In 1996, Jay-Z had released an album, ‘Reasonable Doubt’ – which is considered as one of the greatest rap album to achieve both critical and commercial success. It is also the album that launched Jay-Z on the highway to hip hop superstardom.




Damon Dash was Jay-Z’s business partner on his music enterprise ‘Roc-a-fella Inc.’ He claimed to have an ownership in Jay-Z’s first hip hop album called, ‘Reasonable Doubt’ by virtue of being a co-founder with Jay-Z and possession of 1/3 equity interest in Roc-a-fella Inc.


Damon Dash tried to sell his (alleged) interest in the album via auctioning an NFT on an NFT platform named, ‘Superfarm’. Damon perhaps received wrong legal advice or acted upon ignorance of law, because one cannot have an ownership over company’s assets by virtue of having any interest in the company’s ownership. In other words, a corporation is a legal person having an existence separate from its constituent shareholders.


Also, in Superfarm’s auction announcement, which seemed to have not been properly advised by an attorney learned in crypto-copyright law, it was claimed that the NFT’s auction will sell Damon Dash’ ownership of the copyright in Jay-Z’s album. Superfarm also claimed that the newly minted NFT will prove ownership of the album’s copyright as well as the right to revenues generated from its exploitation.


However, Jay-Z and his attorneys got wind of the sale, after which they first sent a legal notice, and thereafter proceeded to the court to prohibit the NFT auction from taking place.

Throughout the chain of events, including in the Judge’s declaration, one is able to observe that there was no reference to violation of Jay-Z’s copyright in the album because of Damon Dash’ actions.


It is also pertinent to note that the Judge used the term, “reflecting rights to the album” while directing Damon Dash to return NFT back to Roc-a-Fella Inc. Had it been a case of a copyright infringement, the Judge would have directed Damon Dash to return the ‘copyright works/protected assets’ to Roc-a-Fella Inc.


By any means, the Judge would have used something that would have indicated that the obligation to return is because copyright law bars anyone other than the owner from creating or producing copies or derivative works or works of adaptation from the copyright work. Instead, the Judge's direction to Damon Dash rested on the premise that Damon could not have sold something over which he does not have good title.


This is not to say that NFTs are used only for auctioning off rights or ownership interests in the underlying asset. NFTs could be used for selling copies as well like how someone can sell DVDs without selling the film.


As NFTs do not cause the creation of a different form of existence of an existing underlying work, it is quite clear that NFTs do not fall under the definition of works of ‘adaptation’. Minting an NFT cannot be considered as ‘a work of adaptation’, thus denying statutory reliefs available to copyright owners. (This is true for Indian law atleast)


This means that when you create an NFT of an underlying copyright work, you have a property interest, but it may not be recognized under copyright law.
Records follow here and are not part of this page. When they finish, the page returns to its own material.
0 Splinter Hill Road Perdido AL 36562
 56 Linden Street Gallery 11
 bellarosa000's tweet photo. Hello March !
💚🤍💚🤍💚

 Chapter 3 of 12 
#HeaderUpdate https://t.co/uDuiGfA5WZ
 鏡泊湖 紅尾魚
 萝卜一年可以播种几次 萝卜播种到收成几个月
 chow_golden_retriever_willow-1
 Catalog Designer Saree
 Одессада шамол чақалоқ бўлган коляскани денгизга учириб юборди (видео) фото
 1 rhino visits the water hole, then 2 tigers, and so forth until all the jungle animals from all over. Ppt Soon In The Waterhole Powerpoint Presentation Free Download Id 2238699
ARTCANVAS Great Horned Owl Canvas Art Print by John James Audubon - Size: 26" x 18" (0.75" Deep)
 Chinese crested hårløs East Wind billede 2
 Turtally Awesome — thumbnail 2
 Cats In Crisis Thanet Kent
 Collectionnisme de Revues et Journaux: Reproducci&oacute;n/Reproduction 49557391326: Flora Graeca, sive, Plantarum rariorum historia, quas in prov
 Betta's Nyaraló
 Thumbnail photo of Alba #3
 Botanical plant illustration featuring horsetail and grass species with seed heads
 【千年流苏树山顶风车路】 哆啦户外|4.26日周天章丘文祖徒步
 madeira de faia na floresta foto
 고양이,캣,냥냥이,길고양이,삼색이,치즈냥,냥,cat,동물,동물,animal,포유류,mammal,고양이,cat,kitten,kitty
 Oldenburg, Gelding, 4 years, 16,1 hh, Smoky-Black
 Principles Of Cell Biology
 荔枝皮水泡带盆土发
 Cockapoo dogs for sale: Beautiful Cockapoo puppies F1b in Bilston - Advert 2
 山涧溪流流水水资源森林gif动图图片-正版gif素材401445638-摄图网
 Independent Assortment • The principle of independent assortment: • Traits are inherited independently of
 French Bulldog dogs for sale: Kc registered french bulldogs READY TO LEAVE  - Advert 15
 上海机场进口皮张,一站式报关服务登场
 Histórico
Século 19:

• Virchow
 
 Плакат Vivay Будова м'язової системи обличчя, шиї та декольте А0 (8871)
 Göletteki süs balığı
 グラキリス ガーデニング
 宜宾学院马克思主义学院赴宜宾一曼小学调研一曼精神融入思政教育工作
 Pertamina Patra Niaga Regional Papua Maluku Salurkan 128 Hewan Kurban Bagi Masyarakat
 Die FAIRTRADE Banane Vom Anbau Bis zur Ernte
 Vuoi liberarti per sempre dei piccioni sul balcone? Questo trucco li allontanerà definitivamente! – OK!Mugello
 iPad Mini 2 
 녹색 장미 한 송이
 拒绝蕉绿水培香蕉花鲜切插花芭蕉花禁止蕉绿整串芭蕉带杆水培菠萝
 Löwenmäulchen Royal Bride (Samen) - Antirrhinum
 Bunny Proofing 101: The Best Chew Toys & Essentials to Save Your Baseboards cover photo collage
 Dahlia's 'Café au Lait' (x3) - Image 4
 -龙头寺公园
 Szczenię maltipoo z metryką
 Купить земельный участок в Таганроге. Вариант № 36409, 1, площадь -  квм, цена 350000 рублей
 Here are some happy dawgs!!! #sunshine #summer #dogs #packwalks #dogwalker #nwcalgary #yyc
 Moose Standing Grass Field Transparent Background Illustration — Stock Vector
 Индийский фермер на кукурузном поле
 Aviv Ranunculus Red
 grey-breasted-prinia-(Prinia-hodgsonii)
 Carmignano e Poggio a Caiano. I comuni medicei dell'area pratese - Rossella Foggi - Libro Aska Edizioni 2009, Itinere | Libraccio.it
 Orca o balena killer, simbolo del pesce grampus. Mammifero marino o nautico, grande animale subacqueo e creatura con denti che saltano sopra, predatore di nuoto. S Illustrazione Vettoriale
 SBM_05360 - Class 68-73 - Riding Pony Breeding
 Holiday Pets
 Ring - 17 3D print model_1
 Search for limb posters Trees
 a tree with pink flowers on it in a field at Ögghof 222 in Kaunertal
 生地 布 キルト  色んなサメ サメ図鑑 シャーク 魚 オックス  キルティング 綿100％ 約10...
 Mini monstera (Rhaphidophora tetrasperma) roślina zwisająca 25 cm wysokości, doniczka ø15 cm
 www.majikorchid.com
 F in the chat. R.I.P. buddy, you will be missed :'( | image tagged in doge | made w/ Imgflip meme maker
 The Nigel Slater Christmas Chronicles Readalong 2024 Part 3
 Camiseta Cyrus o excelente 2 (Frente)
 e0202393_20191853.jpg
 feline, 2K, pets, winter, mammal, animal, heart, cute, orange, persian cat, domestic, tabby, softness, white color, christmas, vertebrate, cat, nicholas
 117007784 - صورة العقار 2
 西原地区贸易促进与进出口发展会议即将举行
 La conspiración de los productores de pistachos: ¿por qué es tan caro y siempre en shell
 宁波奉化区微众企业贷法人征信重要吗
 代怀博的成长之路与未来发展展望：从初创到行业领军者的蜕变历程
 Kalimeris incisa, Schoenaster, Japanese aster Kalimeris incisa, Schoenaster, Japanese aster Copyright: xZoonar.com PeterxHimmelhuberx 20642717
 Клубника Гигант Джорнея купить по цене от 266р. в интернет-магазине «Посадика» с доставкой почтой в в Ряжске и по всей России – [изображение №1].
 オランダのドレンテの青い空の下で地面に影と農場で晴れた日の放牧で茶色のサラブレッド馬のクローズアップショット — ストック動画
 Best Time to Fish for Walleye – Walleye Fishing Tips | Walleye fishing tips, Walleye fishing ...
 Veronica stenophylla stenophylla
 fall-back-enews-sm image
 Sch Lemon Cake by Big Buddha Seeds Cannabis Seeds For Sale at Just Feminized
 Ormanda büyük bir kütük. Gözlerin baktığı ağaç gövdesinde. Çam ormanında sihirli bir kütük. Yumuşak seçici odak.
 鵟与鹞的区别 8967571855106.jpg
It implies that if somebody violates your property interest in an NFT, it won’t be treated as a copyright infringement with respect to the NFT per se.


This means that you can’t take advantage of provisions under copyright law which include the ability to prevent use, disclose accounts and seek compensation, and also bring about prison term for repeat violators.


Instead, you would have to establish paternity of the property interest and seek injunctive orders against conversion of your property interest in or via the NFT. Further, if your copyright asset is not already registered, establishing proof of ownership against a hostile conversion through minting of an NFT is going to result in a long drawn judicial process and extended costs of obtaining desirable remedy.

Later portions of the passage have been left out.